EXERCISE AIM: An exact restatement of the data below, with the pictures removed, is the required answer.

**** DATASET EXTRACT ****

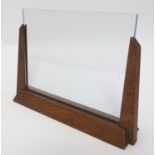 An Art Deco oak picture / photograph frame / stand. Approx. 7" high. Please Note - we do not make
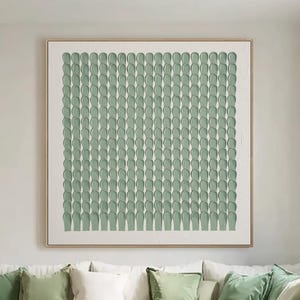 May include: A square wall art piece featuring a grid of raised, sage green vertical brushstrokes on a white background, framed in a thin light wood border. The textured paint application creates a repeating pattern of uniform, rounded shapes.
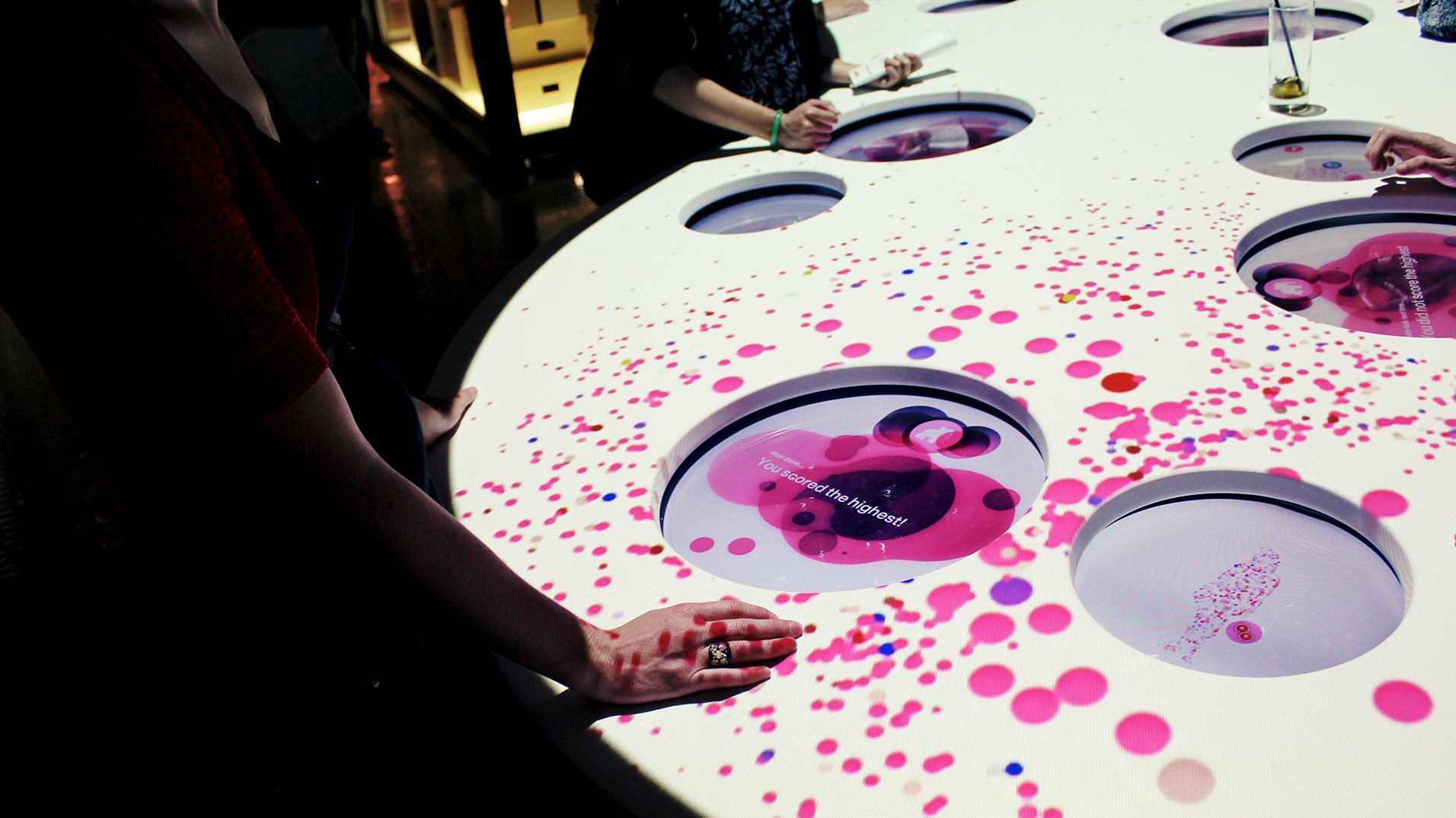 Visitors using circular interfaces embedded in the illuminated Content Heart table.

****

RESPONSE TO THE EXERCISE:
 An Art Deco oak picture / photograph frame / stand. Approx. 7" high. Please Note - we do not make
 May include: A square wall art piece featuring a grid of raised, sage green vertical brushstrokes on a white background, framed in a thin light wood border. The textured paint application creates a repeating pattern of uniform, rounded shapes.
 Visitors using circular interfaces embedded in the illuminated Content Heart table.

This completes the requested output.